I had similar experiences when my grandma had passed away from cancer a couple years prior to my grandpa’s death. I expected it, but the feeling didn’t come any easier. Knowing when someone was going to die didn’t make things better. Not knowing made it even more confusing and difficult.
Several times death came at unexpected times for me. Sometimes, I questioned why it happened and others I knew it was going to happen eventually, but there was no keeping my mind at ease. Nothing helped. I sought grief counseling during school to help cope with my grandfather’s death and yet my questions couldn’t be answered: why does death have to be so unexpected?
My grandfather that’s still alive recently had a stroke that left him paralyzed on the entire left side of his body. He always tried to lighten the mood by joking to me that it was nothing and that he’ll be coming for my college graduation next year. My mom is planning on flying over to South Korea in a couple weeks to spend some time with him, yet I still feel helpless. Another loved one suffering.
Death is a natural process of life. Everyone will die and that’s something that I am choosing to accept. But the acknowledgement of death doesn’t make the pain any less excruciating.
I remember my long periods of anger and resentment toward people who seemed to have their life together. There came a time where I despised God and placed the blame on him for taking away my loved ones. In a way, my faith was shaken and I ended up pushing away the loved ones who came offering support. I didn’t want to hear it. I didn’t want to hear, “I’m there for you.” Why? How could they possible feel what I feel? What answers could they give me?
Death, in a way, spun my life around. I coped in unhealthy ways. Over-eating, not eating at all, sleeping long periods of time or just completely throwing myself into my work. I just wanted to be alone.

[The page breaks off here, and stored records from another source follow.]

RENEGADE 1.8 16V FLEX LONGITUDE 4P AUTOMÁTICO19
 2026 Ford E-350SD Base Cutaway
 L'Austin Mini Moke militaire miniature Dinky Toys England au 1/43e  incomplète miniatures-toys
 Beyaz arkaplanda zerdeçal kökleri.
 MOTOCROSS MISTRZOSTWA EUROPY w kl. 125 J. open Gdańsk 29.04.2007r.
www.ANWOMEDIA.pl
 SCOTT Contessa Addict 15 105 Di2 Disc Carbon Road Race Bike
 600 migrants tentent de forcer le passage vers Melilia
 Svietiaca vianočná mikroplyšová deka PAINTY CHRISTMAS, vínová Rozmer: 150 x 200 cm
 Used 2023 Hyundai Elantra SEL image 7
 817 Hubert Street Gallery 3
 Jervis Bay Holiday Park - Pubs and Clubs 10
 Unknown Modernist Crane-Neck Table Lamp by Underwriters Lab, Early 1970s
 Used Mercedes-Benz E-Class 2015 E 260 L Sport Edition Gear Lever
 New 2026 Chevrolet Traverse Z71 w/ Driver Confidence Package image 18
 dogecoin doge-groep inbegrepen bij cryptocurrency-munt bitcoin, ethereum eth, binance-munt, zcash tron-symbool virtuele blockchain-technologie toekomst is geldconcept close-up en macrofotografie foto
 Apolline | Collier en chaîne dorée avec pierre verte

I burst into tears randomly or threw hissy fits.
But my wonderful friends stood by me the entire time. They were gently, yet firmly trying to help me move forward by helping me see the good in life. See, with death, it doesn’t mean to keep holding onto the hurt. Death is painful, yes, but it’s OK.
We can never accurately predict when someone will depart from our lives. But, there will always be people there to help you carry on. Don’t put your life on hold.